COURT OF APPEALS

DECISION

DATED AND FILED

 

January 31, 2012

 

A. John Voelker

Acting Clerk of Court of Appeals

 

 

 

NOTICE

 

 

This opinion is subject to further editing.  If published, the official version will appear in the bound volume of the Official Reports. 

 

A party may file with the Supreme Court a petition to review an adverse decision by the Court of Appeals.  See Wis. Stat. § 808.10 and Rule 809.62. 

 

 

 

 

Appeal No. 

2011AP1978

Cir. Ct. No.  2011GN7

STATE OF WISCONSIN 

IN COURT OF APPEALS

 

DISTRICT III

 

 

 

 

In the matter of the guardianship and protective placement of Gregory M.:

 

Outagamie County Department of Health and Human Services,

 

          Petitioner-Respondent,

 

     v.

 

Gregory M.,

 

          Respondent-Appellant.

 

 

 

 

            APPEAL from an order of the circuit court for Outagamie County:  MITCHELL J. METROPULOS, Judge.  Affirmed. 

1        MANGERSON, J.[1]   Gregory M. appeals an order for protective placement.  He contends the evidence in support of the protective placement order was insufficient.  We disagree and affirm.

BACKGROUND

2        In January 2011, Outagamie County petitioned the circuit court for guardianship of Gregory’s person and estate, as well as protective placement.  At the hearing on the petition, the County called two witnesses:  Dr.
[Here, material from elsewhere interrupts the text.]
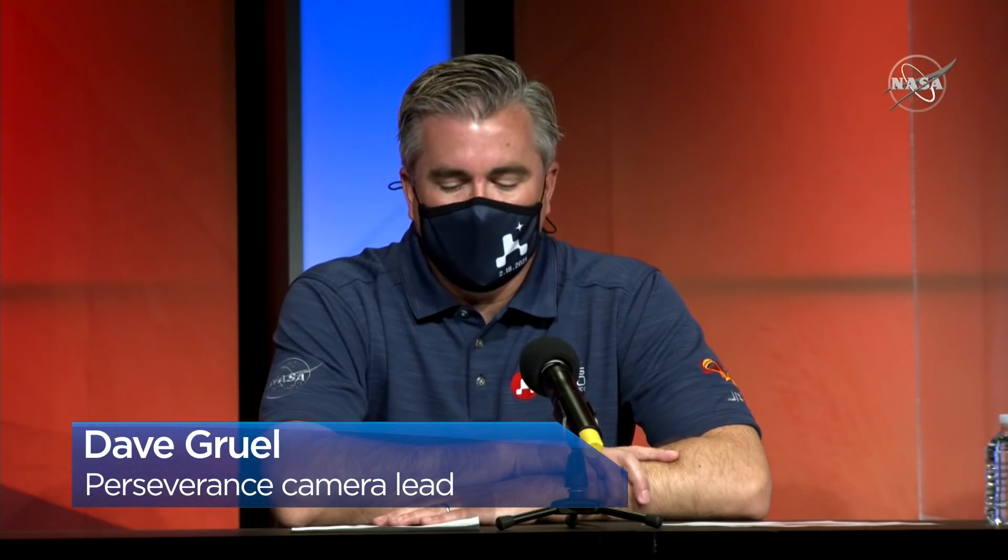We are super excited to actually share with all of you video imagery of Perseverance landing on the surface of Mars. Please roll the video.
Thomas Altepeter, a clinical psychologist, and Steve Schotten, a clinical therapist. 

3        Altepeter testified he administered cognitive tests to Gregory and each test placed him at a range consistent with mild to moderate dementia.  On one test of mathematical skills, Gregory, who at the time was fifty-one years old, scored at the level of a seven and one-half year old.  Altepeter explained that Gregory’s dementia was a permanent condition caused by his chronic substance abuse and prior head injuries.  Gregory’s head injuries had occurred within the last two to three years.  Specifically, Gregory fell down a flight of stairs and, while riding his bicycle, was struck on two separate occasions by a vehicle.  Each incident involved alcohol.  His most recent injury caused brain bleeding and resulted in a two-week hospital stay.  Although Altepeter conceded he did not know when Gregory last consumed alcohol or drugs, Altepeter explained Gregory “has a long history of alcohol and drug dependence” and “if he’s not using at this point, it’s probably got more to do with the controlled environment he’s in.”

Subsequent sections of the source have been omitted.